NEW YORK (Reuters) - Global equity markets ended higher on Friday but U.S. stocks sharply pared gains after a late selloff in biotechnology shares, while euro zone government bond yields fell on renewed bets the European Central Bank will ease policy next week.
The price of Brent crude oil closed above $108 a barrel for its first weekly rise in five, helped by data showing a rise in U.S. consumer spending in February.
Gold fell to six-week lows of just above $1,285 an ounce, marking the second weekly decline as optimism on the U.S. economy lifted the dollar and bolstered risk appetite.
On Wall Street, the Nasdaq biotechnology index slumped nearly 3 percent drop. The biotech sector is down 7 percent for the week and down about 13 percent for the month.
Some analysts believe the selloff in “momentum” stocks has yet to run its course.
“Almost every day this week, we’ve been seeing a pattern of the market opening higher and then selling off towards the close,” said Randy Frederick, managing director of trading and derivatives at the Schwab Center for Financial Research in Austin, Texas.
“Some are saying that it’s the smart money is selling off at the end of the day. If we see that pattern again today, that would be concerning.”
“The decline in biotech is part of the reallocation of capital as we near the end of the quarter. It seems like they are a bit out of favor right now, along with momentum stocks,” said JJ Kinahan, chief strategist of TD Ameritrade in Chicago.
Stocks had rallied earlier on U.S. data that was largely promising and signs that China will step in to support its cooling economy.
At the close, the Dow Jones industrial average .DJI was up 58.83 points, or 0.36 percent, at 16,323.06. The Standard & Poor's 500 Index .SPX rose 8.56 points, or 0.46 percent, to 1,857.60. The Nasdaq Composite Index .IXIC finished up 4.53 points, or 0.11 percent, at 4,155.76.
Only the Dow ended the week slightly higher. For the week, the S&P slipped 0.5 percent and the technology-laced Nasdaq tumbled 3 percent, after heavy selling in the past few sessions of Internet stocks deemed overvalued.
U.S. consumer spending rose 0.3 percent in February, the Commerce Department said, after gaining 0.2 percent in January. The gain matched economists’ expectations.
The Thomson Reuters/University of Michigan’s consumer sentiment index dipped to 80.0 this month from 81.6 in February, a decline that did not faze investors. The index was little changed from earlier in March.

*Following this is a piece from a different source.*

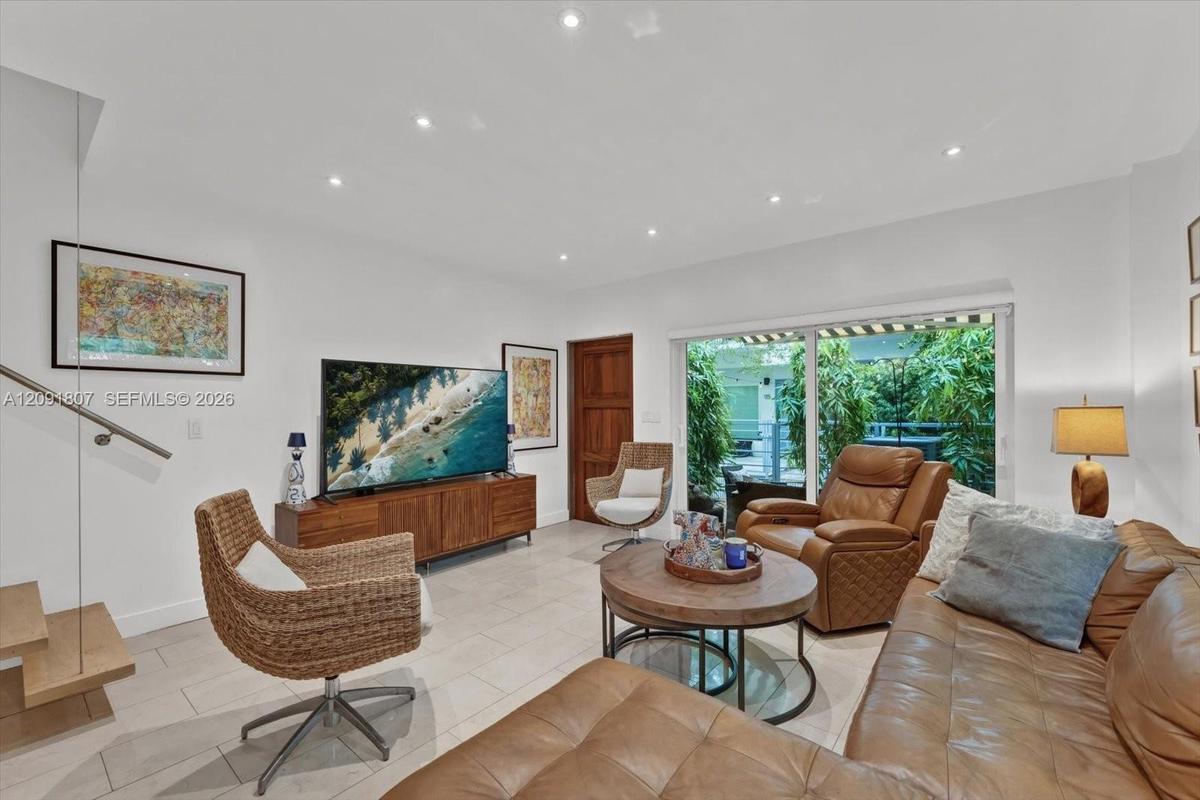 Large-format tile flooring, recessed ceiling lighting, sliding glass door with exterior access, and a floating wood-tread staircase with a glass panel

In China, Premier Li Keqiang’s said the country, the world’s No. 2 economy, had necessary policies in place and would push ahead with infrastructure investment to shore up growth.
“This could avert a slowdown in China, and any stimulus that helps growth somewhere should help growth globally,” said Jack Ablin, chief investment officer at BMO Private Bank in Chicago.
MSCI's all-country world index .MIWD00000PUS rose 0.7 percent, and the FTSE Eurofirst 300 index .FTEU3 of regional European shares was up 0.7 percent at 1331.67 points for a fourth straight day of gains.
In U.S. Treasuries, yields on intermediate-dated notes neared two-month highs. Analysts and traders expected such debt to continue underperforming longer-term bonds after Federal Reserve Chair Janet Yellen’s indication last week that U.S. interest rates could be hiked by spring 2015.
The benchmark 10-year U.S. Treasury note was down 13/32, its yield at 2.719 percent.
Spanish, Italian, Portuguese and Irish bond yields fell to historical lows as an unexpected drop in Spanish inflation bolstered expectations the European Central Bank could ease monetary policy further.
Data showed that Spanish consumer prices fell 0.2 percent year-on-year in March, compared with a previous reading of 0.0 percent and a Reuters poll forecast of a 0.1 percent rise.
Italy’s cost of borrowing over 10 years fell to its lowest level since October 2005 at a Friday auction.
That led to expectations that inflation for the whole euro zone could fall below the 0.6 percent Reuters consensus; the data is due on Monday. The ECB’s target is just below 2.0 percent.
The euro fell to a three-week low against the dollar, with investors mindful of strong rhetoric from ECB officials about the currency’s recent strength, but the euro later recovered on uncertainty over whether the bank will take action.
The euro has sagged since suggestions of more ECB action this week from Germany - whose policymakers have in the past repeatedly voiced concerns about unorthodox monetary easing.
The single currency was slightly higher at $1.3754, having dipped to $1.3707 earlier.
The U.S. dollar rose 0.7 percent against the yen, to 102.82 yen, buoyed in part by expectations that the Federal Reserve may start to tighten policy in the early part of next year.
Brent oil settled flat on the day and up 1 percent on the week, at $108.07 a barrel. U.S. crude finished at $101.67 a barrel, up 0.4 percent for the session and 2.2 percent higher on the week.
The spot price of gold was up 0.1 percent on the day at $1,292.96 an ounce. For the week, though, it was down 3 percent.